_Directions_: Your task is to restate word for word the lines in the material below, from the one with "KOVNISE Organizer da" up to and including the one with "NWOT BEAMS Plus". Do not carry over the pictures.
*** Task inputs ***
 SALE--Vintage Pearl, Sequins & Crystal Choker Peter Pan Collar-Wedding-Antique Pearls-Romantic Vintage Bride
*** End of Task inputs ***
*** Task inputs ***
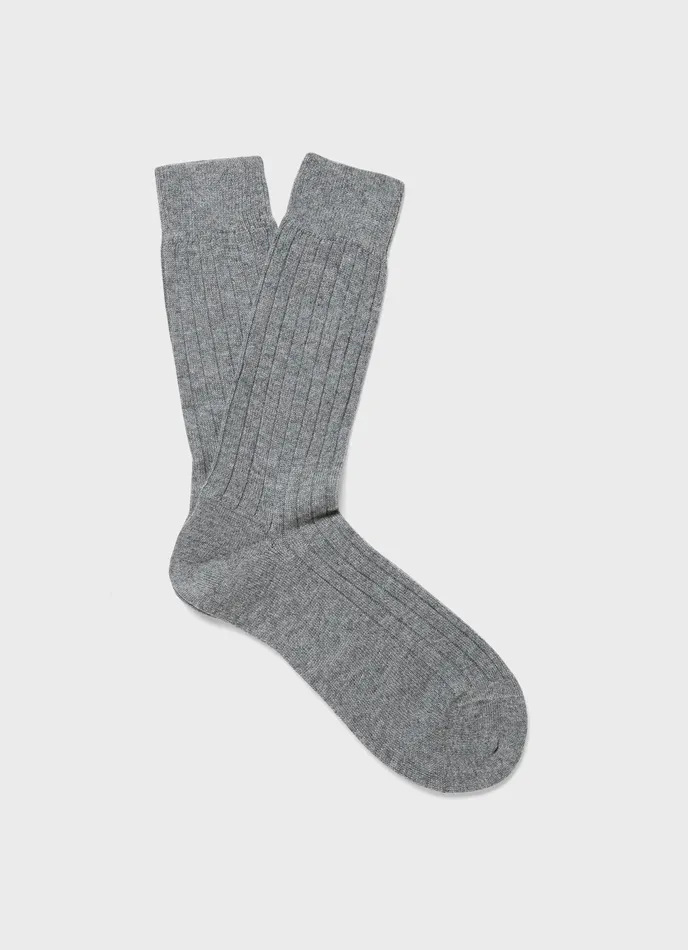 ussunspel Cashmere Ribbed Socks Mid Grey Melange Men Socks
*** End of Task inputs ***
*** Task inputs ***
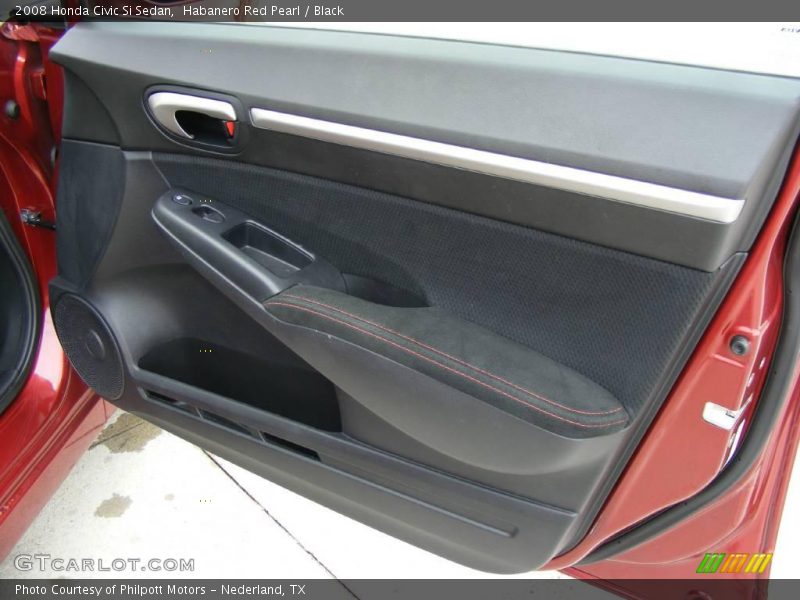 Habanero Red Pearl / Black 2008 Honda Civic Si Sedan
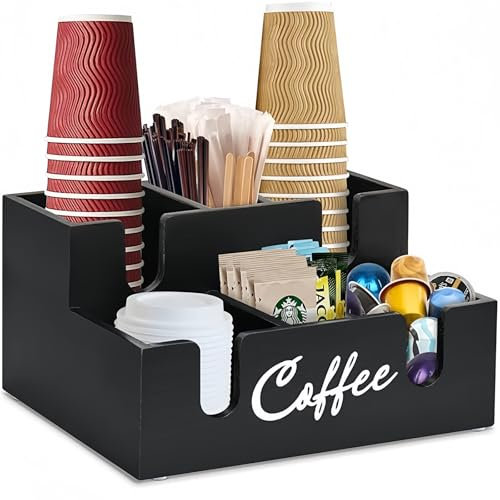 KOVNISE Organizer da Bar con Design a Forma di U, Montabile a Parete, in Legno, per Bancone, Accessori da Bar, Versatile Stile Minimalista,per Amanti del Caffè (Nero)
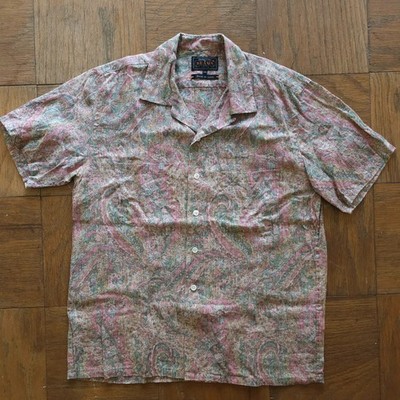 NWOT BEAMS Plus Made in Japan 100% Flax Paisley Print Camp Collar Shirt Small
*** End of Task inputs ***
_Answer to the exercise_:
 KOVNISE Organizer da Bar con Design a Forma di U, Montabile a Parete, in Legno, per Bancone, Accessori da Bar, Versatile Stile Minimalista,per Amanti del Caffè (Nero)
 NWOT BEAMS Plus Made in Japan 100% Flax Paisley Print Camp Collar Shirt Small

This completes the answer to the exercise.